To do: Transcribe, exactly and in full, every line from the one including "Endress & Hauser" to the end of the listing.

========

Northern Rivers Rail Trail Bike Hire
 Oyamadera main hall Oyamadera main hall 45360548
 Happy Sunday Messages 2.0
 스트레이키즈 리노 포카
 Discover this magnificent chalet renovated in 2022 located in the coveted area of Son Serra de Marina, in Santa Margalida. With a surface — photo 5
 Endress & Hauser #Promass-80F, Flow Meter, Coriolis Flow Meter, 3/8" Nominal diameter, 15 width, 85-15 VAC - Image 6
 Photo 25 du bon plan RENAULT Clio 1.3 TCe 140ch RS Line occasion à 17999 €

========

Result for this exercise:
 Endress & Hauser #Promass-80F, Flow Meter, Coriolis Flow Meter, 3/8" Nominal diameter, 15 width, 85-15 VAC - Image 6
 Photo 25 du bon plan RENAULT Clio 1.3 TCe 140ch RS Line occasion à 17999 €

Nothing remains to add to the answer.